じゃあ、毎日洗濯することが「まとも」なのか?
その答えを知るために、私は夫と出会ったと言っても過言ではない。
私の夫は毎日洗濯する。普段は一人暮らしだが、どれだけ遅く帰宅しても、必ず洗濯機を回し、きちんと干してから寝る。宵越しのワイシャツ汚れは持ち越さねえ。そういう人である。江戸っ子ではない。
二人で旅行した際、宿泊先のホテルにはランドリーサービスがなかった。私はジーンズを3、4回洗わずに繰り返しはくタイプなので、あまり気にしていなかったが、夫は1回でも身に着けたものは絶対にその日のうちに洗いたいのだ。宵越しの汚れは(以下略)。
ランドリーサービスのないホテルのシャワーブースで何かにとり憑かれたようにジーパンを洗う夫の姿を見た時、私は言葉を失った。その形相はまるで鬼、夫は洗濯鬼と化し、私の分の固形石鹸を使いきったのだった。そして「俺の分の石鹸、使っていいよ」となぜか慈愛に満ちた顔で言ってきた。その石鹸すら、もう半分しかないではないか。
だから毎日ちゃんと洗濯することは別に「普通」ではないと知った。あの鬼の姿を見ればむしろ、ちゃんと洗濯しようとしているやつのほうがヤベェと思うかもしれない。
何の話をしていたかもう忘れたけど、私は弾切れの朝に絶望しないため、手持ちのパンツと同数のパンツを最近購入した。
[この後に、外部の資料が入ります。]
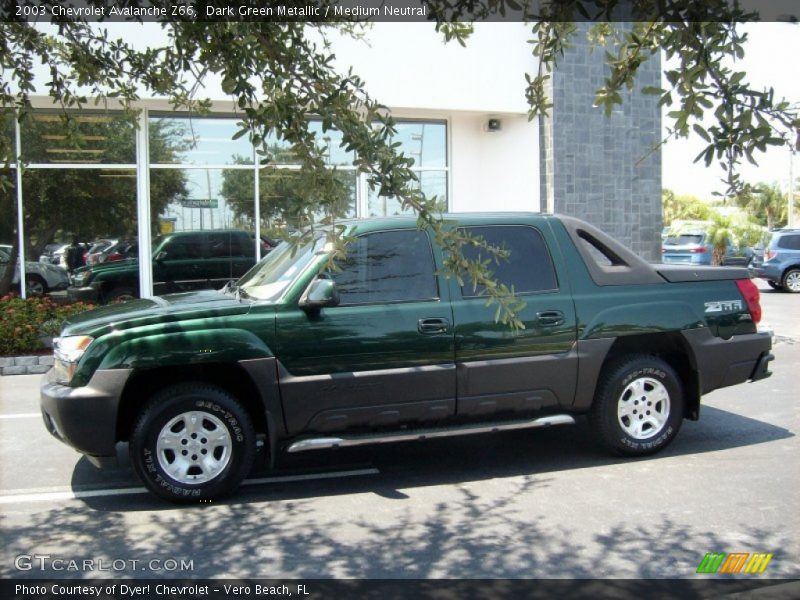 Dark Green Metallic / Medium Neutral 2003 Chevrolet Avalanche Z66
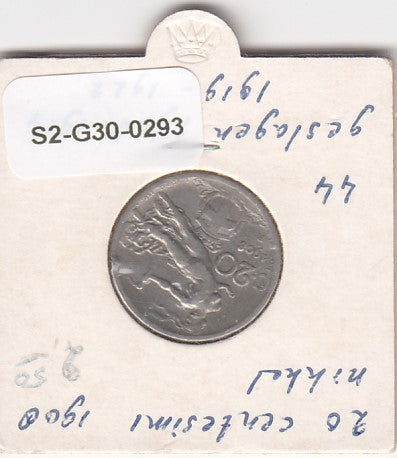 S2-G30-0293 Italy 20 Centesimi FI/VF 1908 KM44
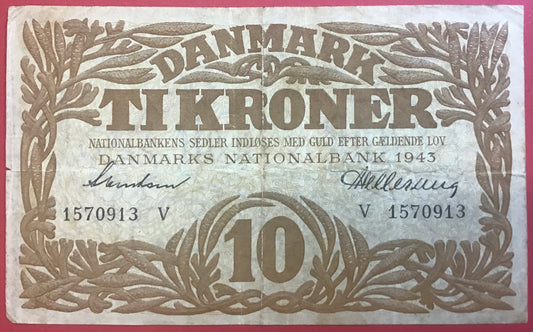 Danmark - 10 Kroner 1943 (V 1570913) Sieg#105 Kvalitet 1/1+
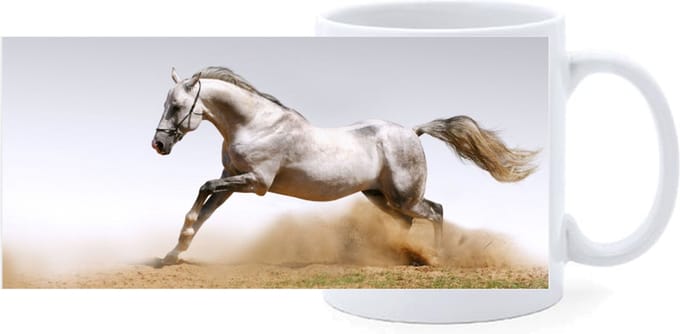 Beker - Paard Wit Arabier Schimmel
合計20枚以上のパンツが私の弾薬盒に入っている。つまり、約3週間パンツを洗わなくても、私は絶望の朝を迎えることがないのだ。
「普通」じゃないカリスマに憧れる。「フツー」は「ダセー」と思っている。そのくせ、「普通」のことができない「まとも」じゃない自分が情けなくて仕方がない。
だから私はパンツを買った。これで万事解決。悪いか。朝、起きて、普通のことができない自分に絶望しないでいられるのなら、安いものである。
今日も私は二度寝から目覚めた。またハイロウズを聞いている。
タンスから清潔なパンツを一枚取り出し装填する。
”寝ぼけたままナチュラルハイで
幸せになるのには別に誰の許可もいらない。”
(記事作成日:2021年1月9日/記事更新日:2024年10月9日)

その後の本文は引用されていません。